Harvard Study: Americans Buy Guns Because They Are Scared

concealed permit (Joe Raedle/Getty Images/AFP)
Joe Raedle/Getty Images/AFP

A new Harvard-Northeastern study showing Americans increasingly buy guns for self-defense rather than sport has persuaded one of the study’s authors to conclude that Americans buy guns because of “fear.”

The findings of the study were published by the UK Guardian, which quoted Harvard researcher Deb Azrael suggesting Americans buy guns because of “increasing fearfulness.” She suggested that suicide and “other potential dangers of guns” might be diminished if we could somehow address that “fear.”

The Harvard-Northeastern study found that gun ownership among women is growing rapidly, and that “women were more likely to own a gun for self-defense than men.” That dovetails well with recent findings by the Crime Prevention Research Center’s (CPRC) John R. Lott, Jr., who found that twice as many women as men are obtaining concealed permits during President Obama’s second term in office. According to the CPRC, “The number of women with permits has increased twice as quickly as the number of men with permits.” That study also shows that there is evidence which “suggests that permit-holding is increasing about 75 percent more quickly among minorities than among whites.”

Yet, although the number of women who own and carry guns has been surging for years, Northeastern University and Harvard School of Public Health professor Mike Miller suggests that the increasing safety of life in America may signal an end the need to arm up for protection.

Miller, who is also one of the authors of the Harvard-Northeastern study, said, “The desire to own a gun for protection – there’s a disconnect between that and the decreasing rates of lethal violence in this country.

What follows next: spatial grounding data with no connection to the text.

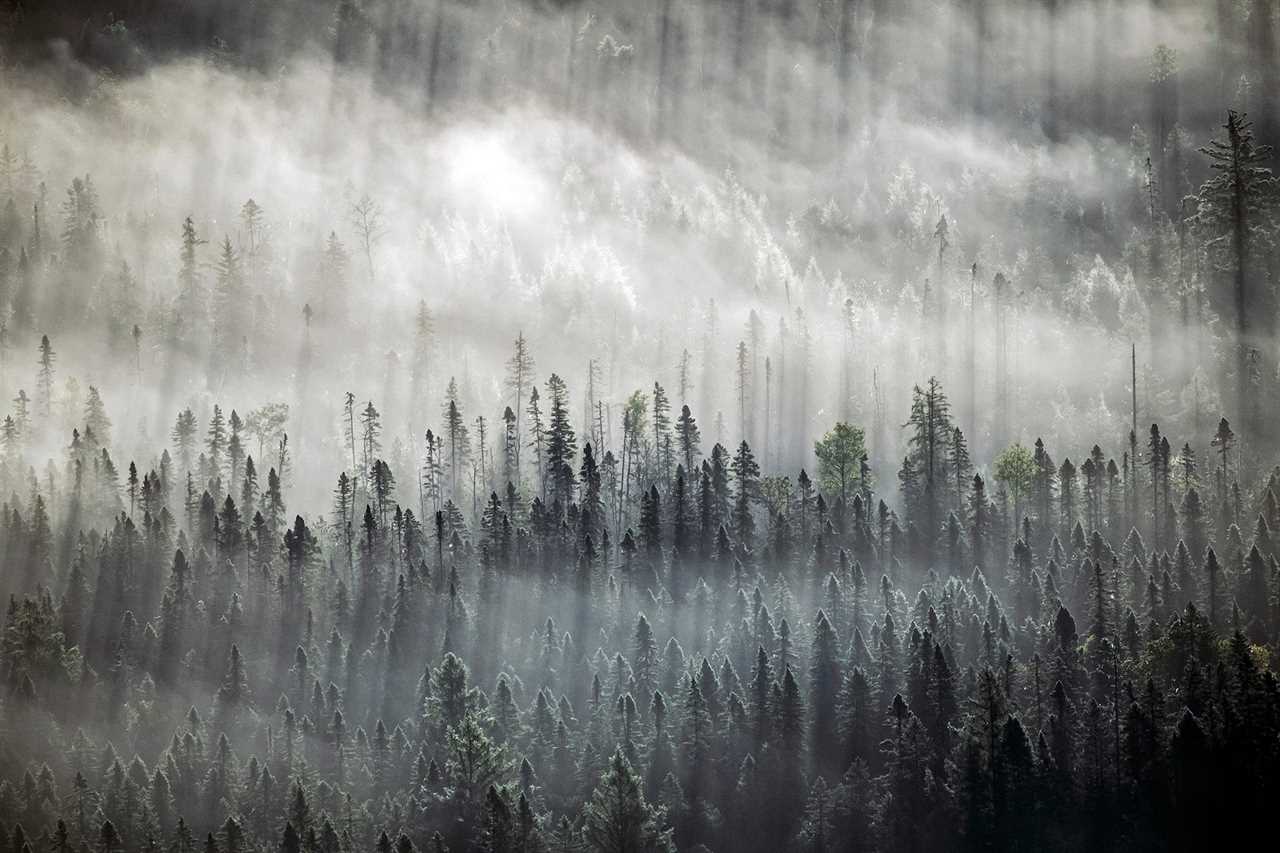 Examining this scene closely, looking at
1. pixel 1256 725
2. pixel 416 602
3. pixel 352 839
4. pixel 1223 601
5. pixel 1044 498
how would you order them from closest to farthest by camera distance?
1. pixel 1256 725
2. pixel 352 839
3. pixel 1223 601
4. pixel 416 602
5. pixel 1044 498

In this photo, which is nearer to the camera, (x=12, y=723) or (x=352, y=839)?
(x=352, y=839)

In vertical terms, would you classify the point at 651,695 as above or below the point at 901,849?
above

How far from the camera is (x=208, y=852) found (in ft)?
396

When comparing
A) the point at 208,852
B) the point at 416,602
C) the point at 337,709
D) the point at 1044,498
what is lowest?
the point at 208,852

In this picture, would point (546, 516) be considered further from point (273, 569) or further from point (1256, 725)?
point (1256, 725)

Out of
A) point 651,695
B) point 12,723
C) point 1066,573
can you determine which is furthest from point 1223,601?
point 12,723

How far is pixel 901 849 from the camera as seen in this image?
118 meters

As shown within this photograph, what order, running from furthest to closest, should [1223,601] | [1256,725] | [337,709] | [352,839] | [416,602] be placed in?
[416,602]
[337,709]
[1223,601]
[352,839]
[1256,725]

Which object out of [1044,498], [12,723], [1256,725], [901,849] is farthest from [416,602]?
[1256,725]

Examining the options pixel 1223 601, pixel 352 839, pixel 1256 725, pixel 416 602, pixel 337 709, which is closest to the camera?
pixel 1256 725

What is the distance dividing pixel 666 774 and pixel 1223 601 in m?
58.7

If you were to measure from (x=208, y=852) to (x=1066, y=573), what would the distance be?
91.9 metres

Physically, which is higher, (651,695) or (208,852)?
(651,695)

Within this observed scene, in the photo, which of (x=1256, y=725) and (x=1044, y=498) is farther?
(x=1044, y=498) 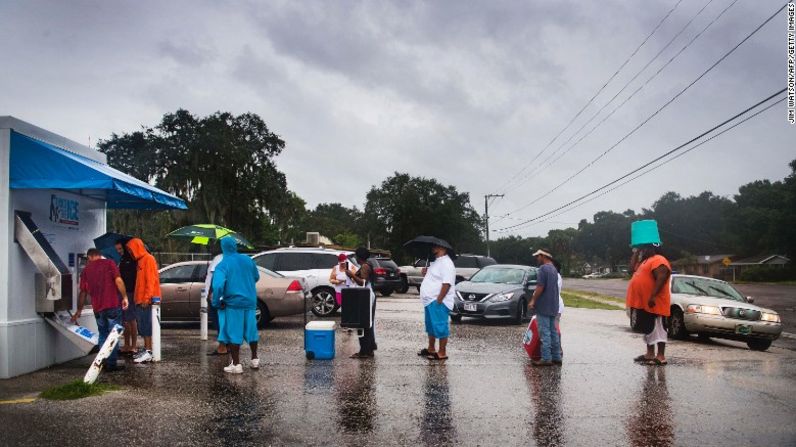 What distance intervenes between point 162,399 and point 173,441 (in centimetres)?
173

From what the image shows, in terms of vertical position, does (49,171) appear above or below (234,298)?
above

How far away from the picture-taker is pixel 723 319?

It isn’t a response to actuarial reality.”

The problem with Miller’s observation is that it may overlook the causal role that concealed carry permits and gun ownership played, and continue to play, in making the U.S. safer.

Nevertheless, the study shows a big shift in Americans’ view of gun ownership, from buying guns for hunting and target shooting to buying guns for self-defense. And that explains why handgun ownership has risen from a reported 65 million guns in 1994 to 111 million guns in 2015.

The Guardian noted:

Even as the US has grown dramatically safer and gun violence rates have plummeted, handguns have become a greater proportion of the country’s civilian gun stock, suggesting that self-defense is an increasingly important factor in gun ownership.

The Harvard-Northeastern study has not been released for public consumption at this point. Rather, it was given exclusively to The Guardian and gun control journalism center The Trace.